START INPUT DATA
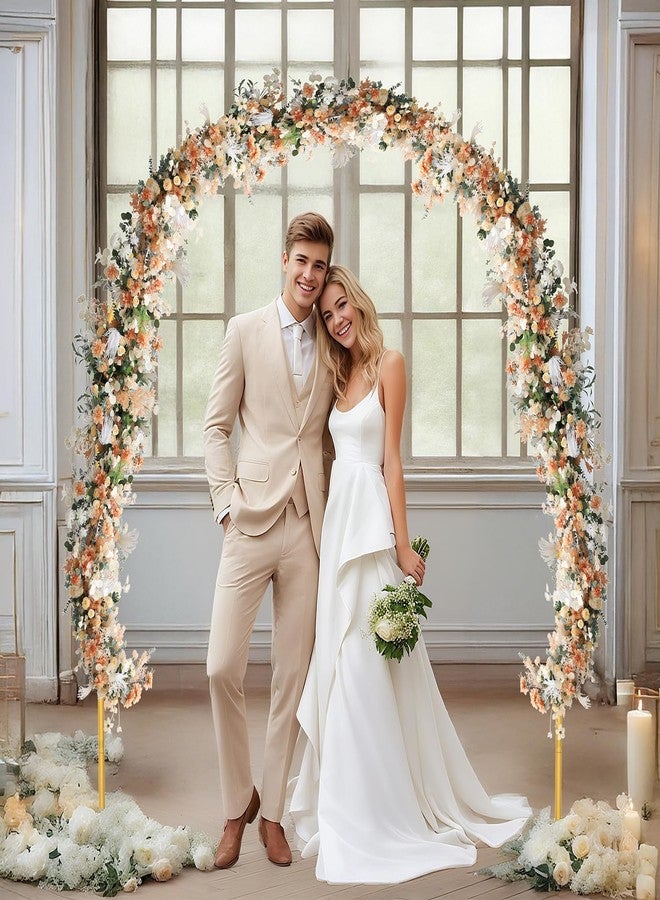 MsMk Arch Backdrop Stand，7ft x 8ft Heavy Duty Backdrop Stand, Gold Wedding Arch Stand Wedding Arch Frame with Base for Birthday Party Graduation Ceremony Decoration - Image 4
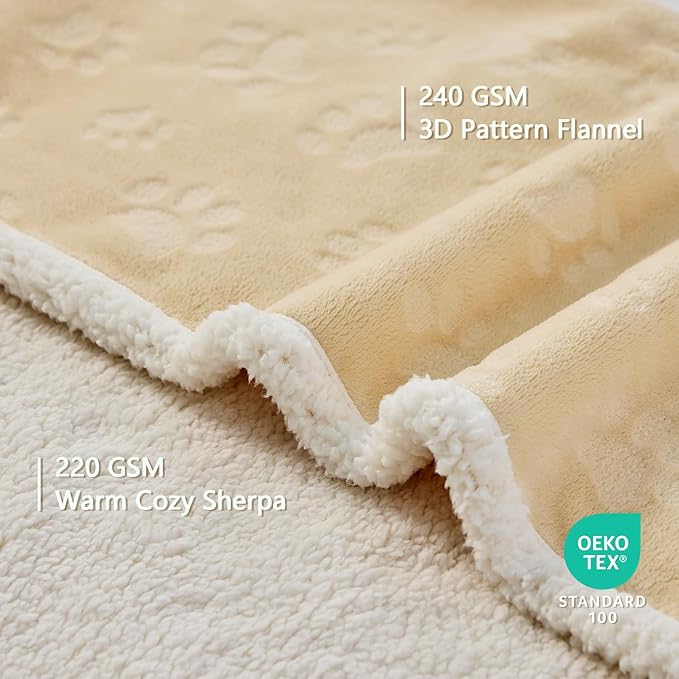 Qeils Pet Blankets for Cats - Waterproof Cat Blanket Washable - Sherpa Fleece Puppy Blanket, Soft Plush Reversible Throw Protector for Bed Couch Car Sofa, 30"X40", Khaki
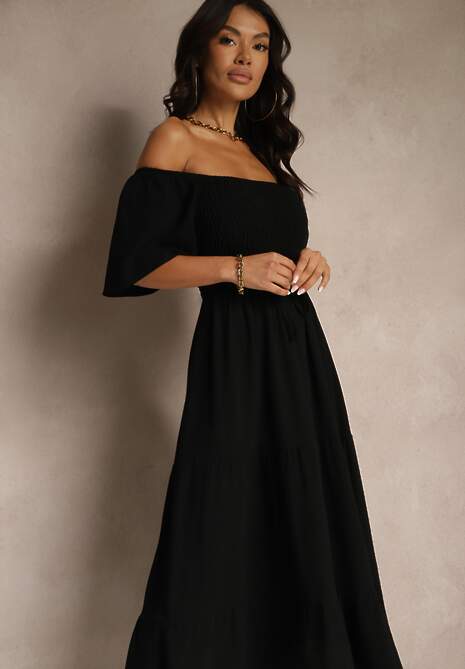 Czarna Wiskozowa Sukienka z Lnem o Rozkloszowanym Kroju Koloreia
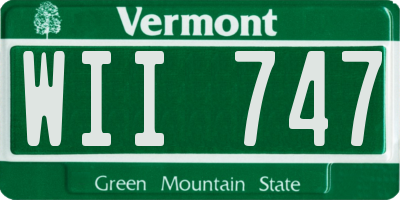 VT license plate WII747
END INPUT DATA
■ ACTIVITY
Transcribe exactly, and without any pictures, each line from the one that holds "Czarna Wiskozowa Sukienka" through the final line of the material above.

■ RESULT OF THIS TASK
 Czarna Wiskozowa Sukienka z Lnem o Rozkloszowanym Kroju Koloreia
 VT license plate WII747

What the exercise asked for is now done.